One of the highest risks for elderly persons living alone or spending much time alone is falling down and being unable to call for help, especially in case of loss of consciousness. The main challenge in installing ICT-based monitoring systems is the balance between surveillance and privacy, i.e. home safety versus ethics. Hence, since privacy is a fundamental human right, any means for augmenting detection of critical situations in the living environments of elderly persons need to respect and ensure privacy. Critical situations can occur principally in all home locations and situations. Wearable tools currently used for monitoring elderly people are often disposed in such situations, rendering them of little use for detecting potentially hazardous situations. As a consequence, "smart ambient" approaches, like vision-based surveillance, appear to be more appropriate for that purpose.
The objective of the CARE project was to develop and provide a vision technology which is non-expensive and does not offend privacy but still takes benefit of the strength of visual sensing. This has been achieved by a (biologically inspired) stereo sensor technology which detects only motion, but at a significantly higher temporal resolution than conventional motion sensors. This technology is used to monitor, analyse, and interpret an elderly's behaviour at home and to automatically send an alarm signal in case of critical situations (e.g., a person falls, or becomes immobilised for a long time, or starts hysteric movements). This sensor technology is integrated in a monitoring system for private homes and nursing homes, including a communication interface and a control station. Selected nursing homes served as pilot sites for testing and evaluating the system while the system concept targeted mainly primary end-users such as single individuals living in their own private homes.

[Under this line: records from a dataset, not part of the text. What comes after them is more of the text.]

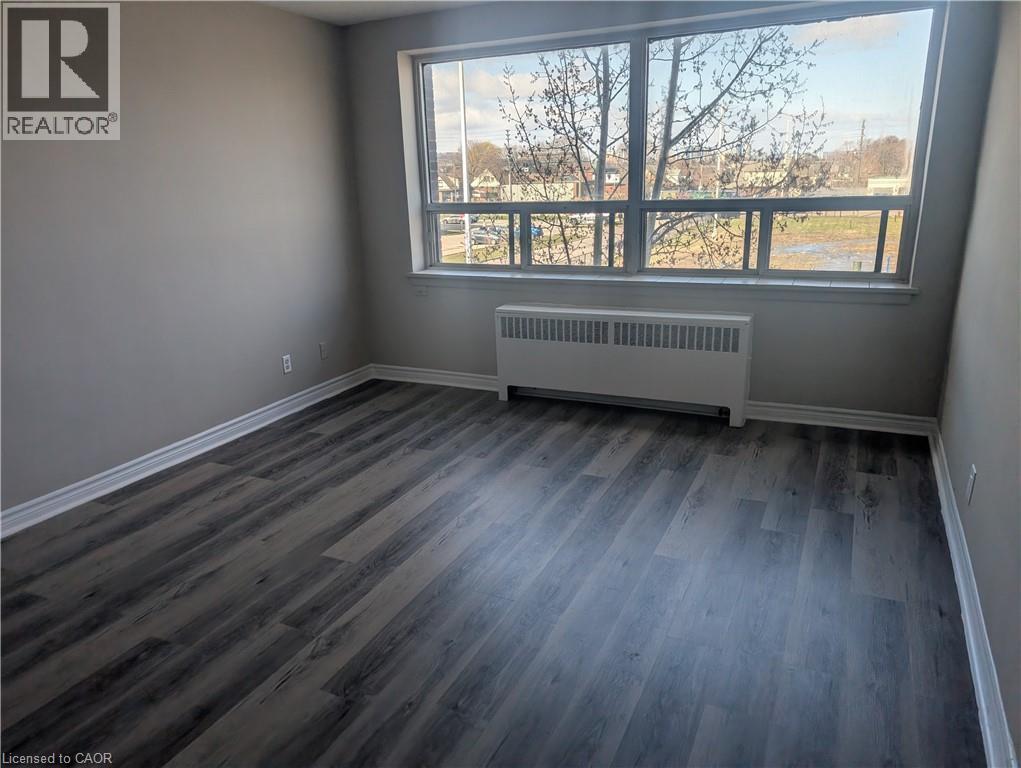A room with a window and a radiator on the floor.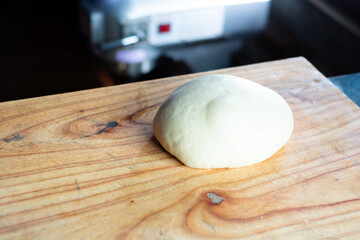 pattern of donnut dough on bake sheet with white flour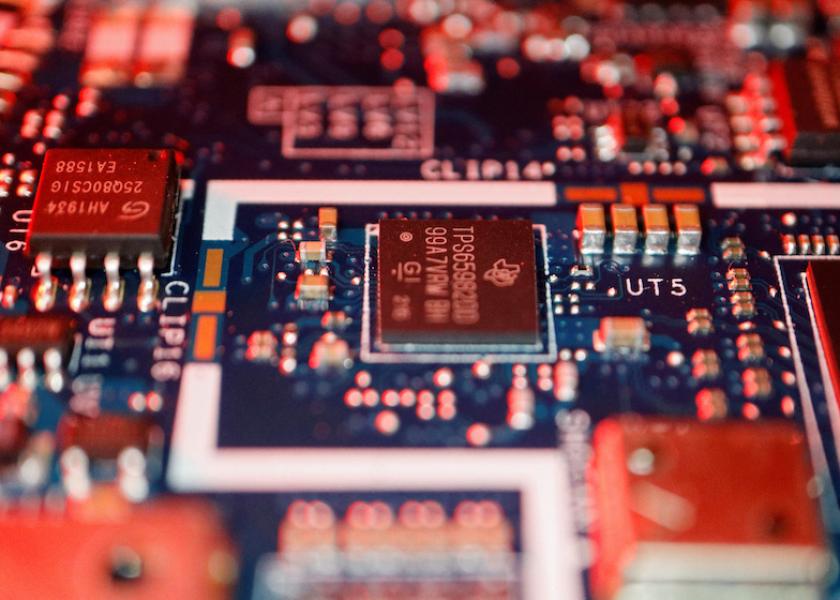 FILE PHOTO: Semiconductor chips are seen on a circuit board of a computer in this illustration picture taken February 25, 2022. 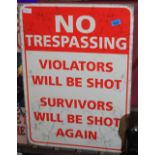 A tin sign 'No Trespassing'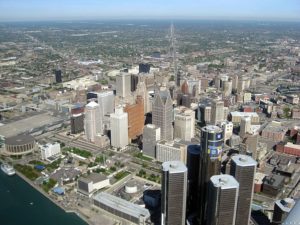 View of Detroit taken from a high view point, perhaps a helicopter. The buildings of downtown are prominently shown
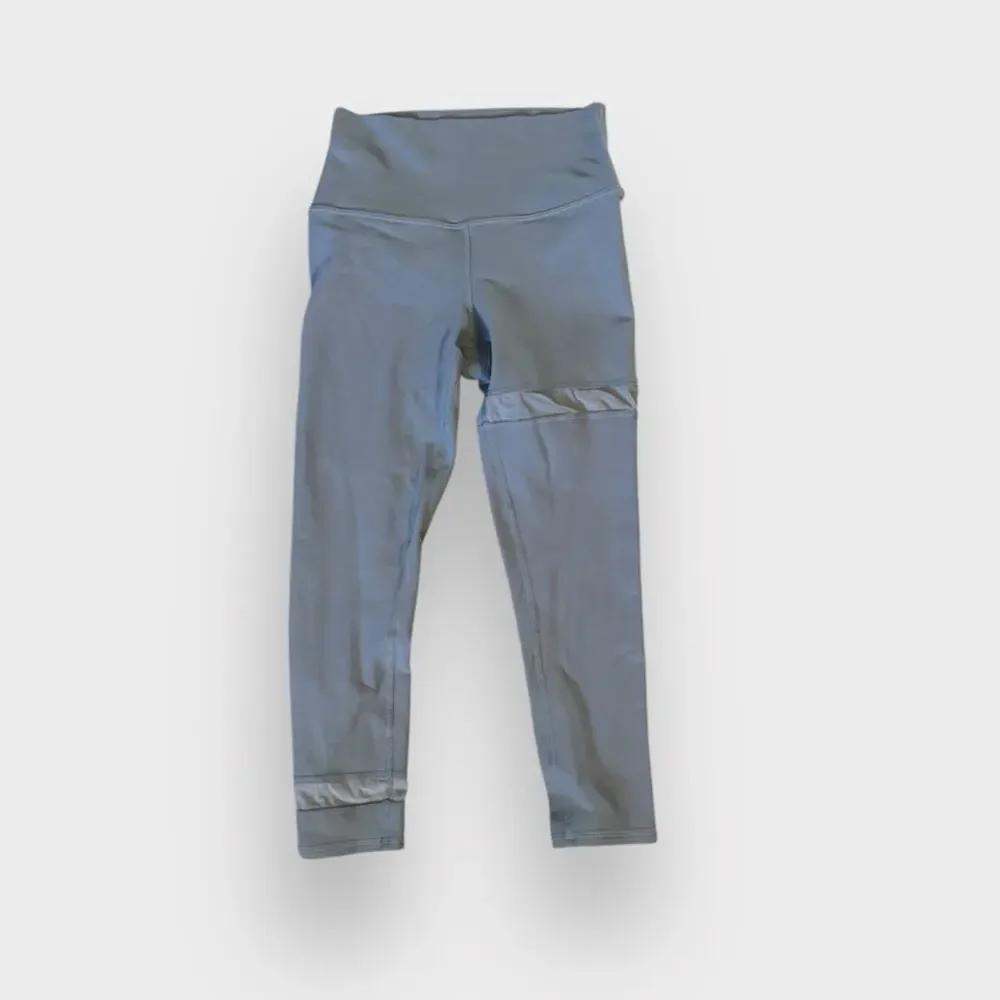 ALO Yoga light blue leggings with sheer mesh accent size XS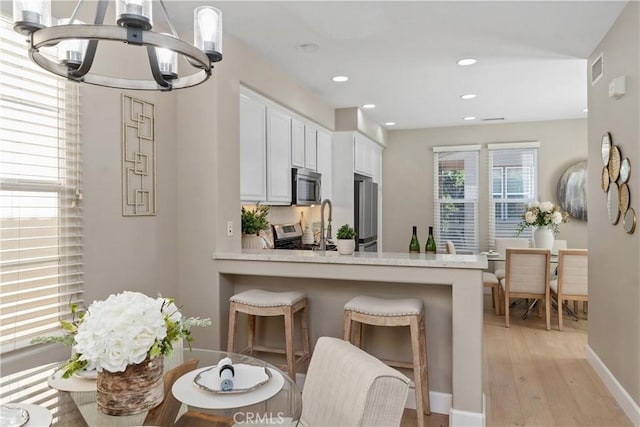 14 Tall Oak, Irvine, CA 92603 - kitchen with appliances with stainless steel finishes, a chandelier, light wood-type flooring, light countertops, and white cabinets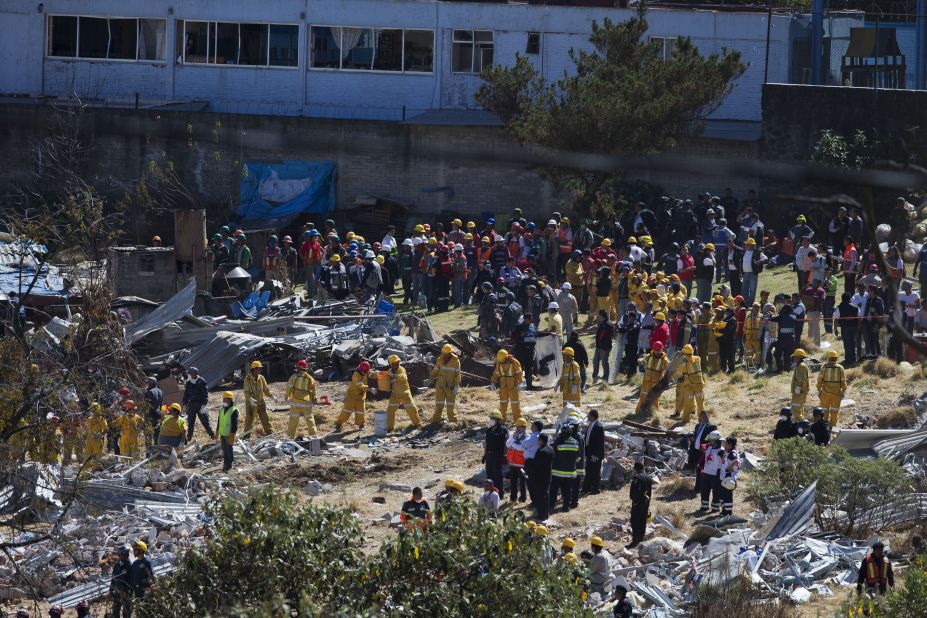Rescue workers form a human chain as they clear wreckage following the explosion. 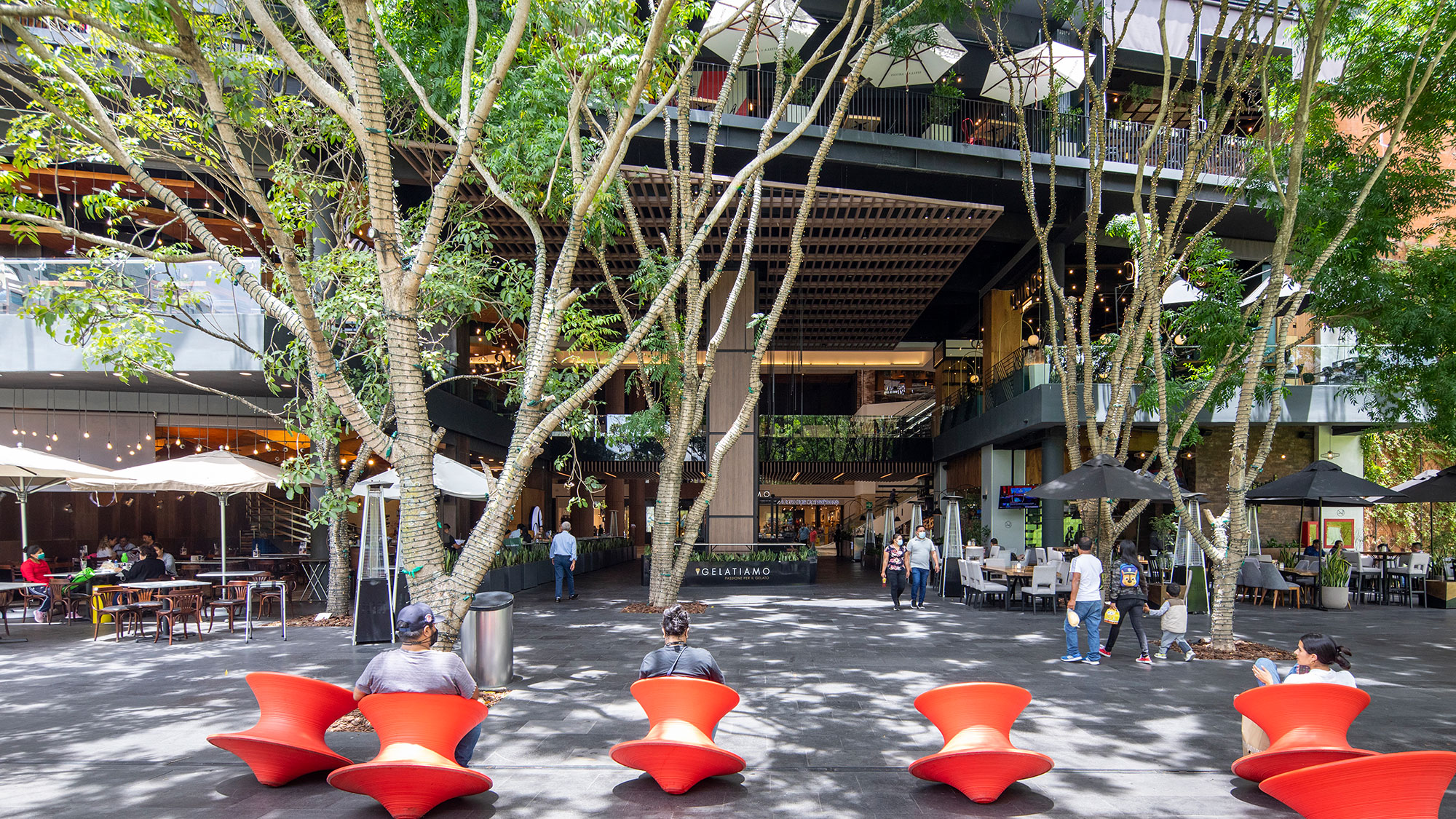 A group of people sitting in chairs outside of a building.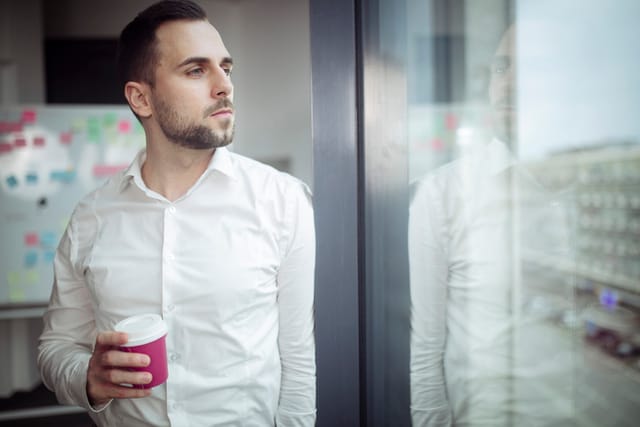 A business man in a white shirt drinking coffee and looking out the window of his office.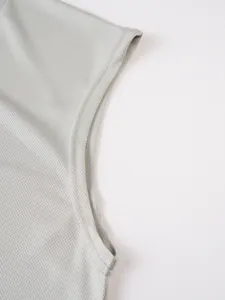Close-up of breathable mesh fabric and durable stitching on a men's gray tank top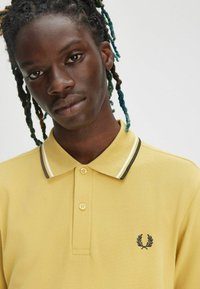 Polo giallo con finitura testurizzata, dotato di un bottone a due fori, strisce a contrasto sul colletto e un piccolo logo nero sul petto.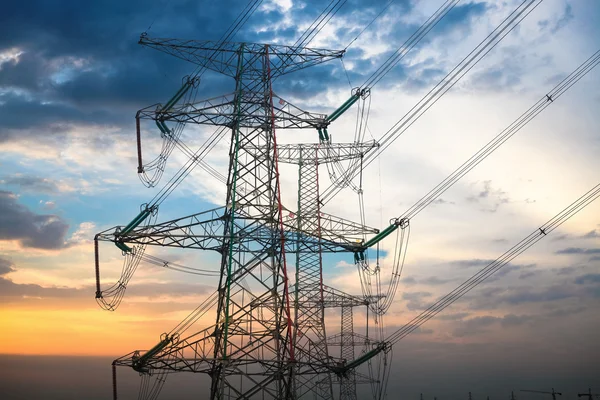 High voltage transmission pylon at dusk — Stock Photo, Image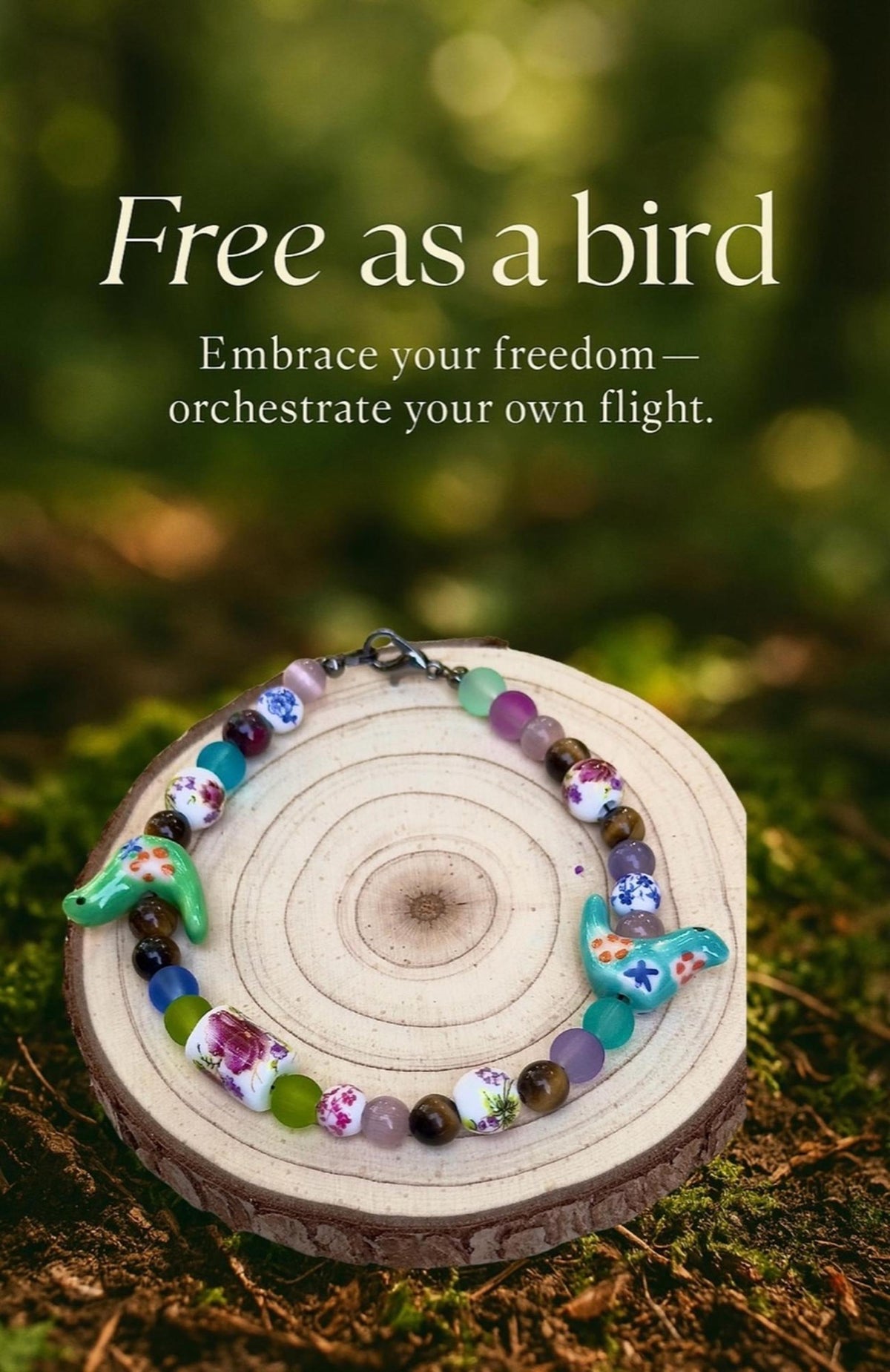 Bird-Eye View bracelet displayed outdoors on a wood slice with a nature-inspired quote and soft green woodland background.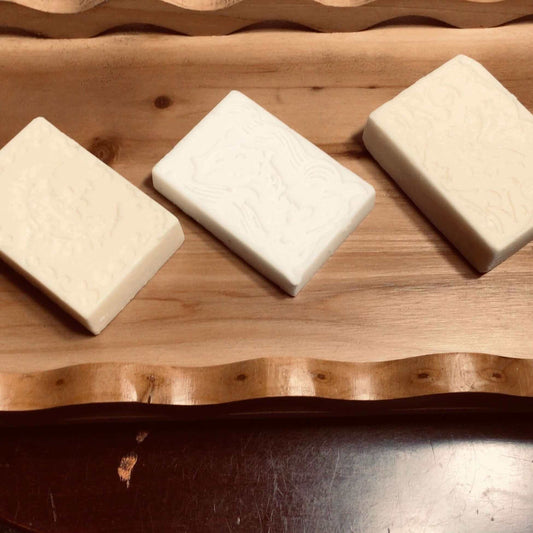 handmade organic creamy bar soaps with intricate molded patterns such as heart butterfly and dolphin made of pure ingredients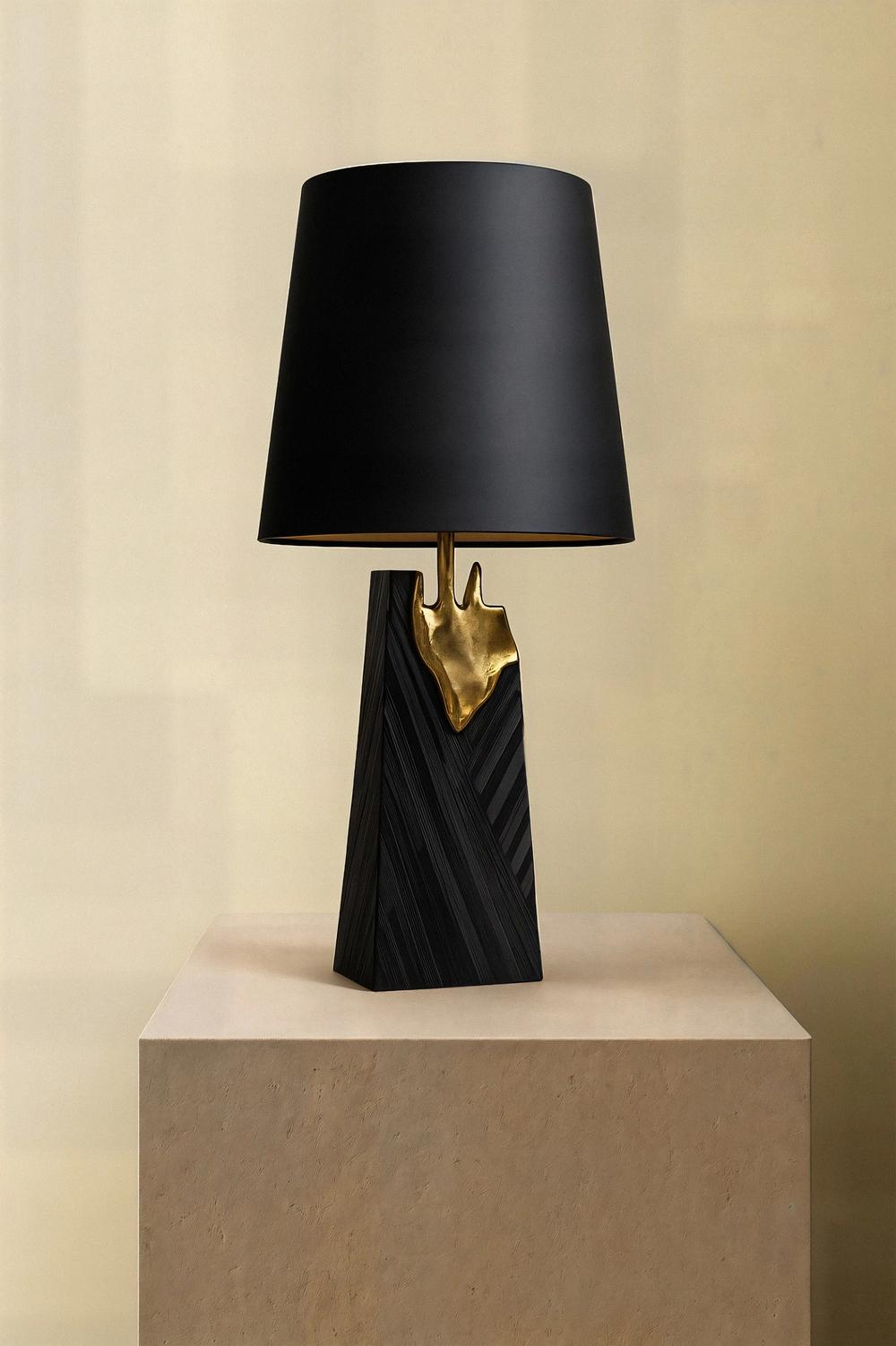 Front view of a luxury table lamp highlighting elegant proportions and sophisticated architectural detailing.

As the problem of the ageing society is global in all industrialized countries effective solutions for bringing care and security to the elderly are demanded worldwide. Therefore, the solutions prototyped in the CARE project have a good chance of being economically successful in many countries. As the system is developed and produced in European countries, it has a strong European added value and can be marketed successfully in almost all industrialized countries.
The project activities can be summarized as follows:
System analysis and evaluation (user and system requirements, hazards and risks, RAMSS [dependability: reliability, availability, maintainability, safety, security] analysis).
Sensor requirements collection and analysis, design, development and adaptation for bathroom and other indoor applications (e.g. immunise against bathroom conditions like moisture, higher temperature).
Data analysis and interpretation by making use of pattern recognition and unsupervised learning.
Embedded processing for real-time data interpretation and software development.
Sensor integration in the Everon monitoring and alarming system.
Deployment, evaluation and testing in two elderly homes: one in Finland and the other in Germany.
Management and dissemination.
One of the main concerns was to keep the vision system as compact and unobtrusive as possible for confident and easy deployment. The project concept and achievements were evaluated at pilot sites in Finland and Germany. It enabled on one hand to test the system effectiveness (sensor, visual interpretation, communication and alerting) in terms of accuracy and practicability, and on the other hand to talk with the test participants (elderly persons, nursing home operators and personnel) in order to determine their impressions and wishes for primary and secondary end-user involvement in further development of the ICT system.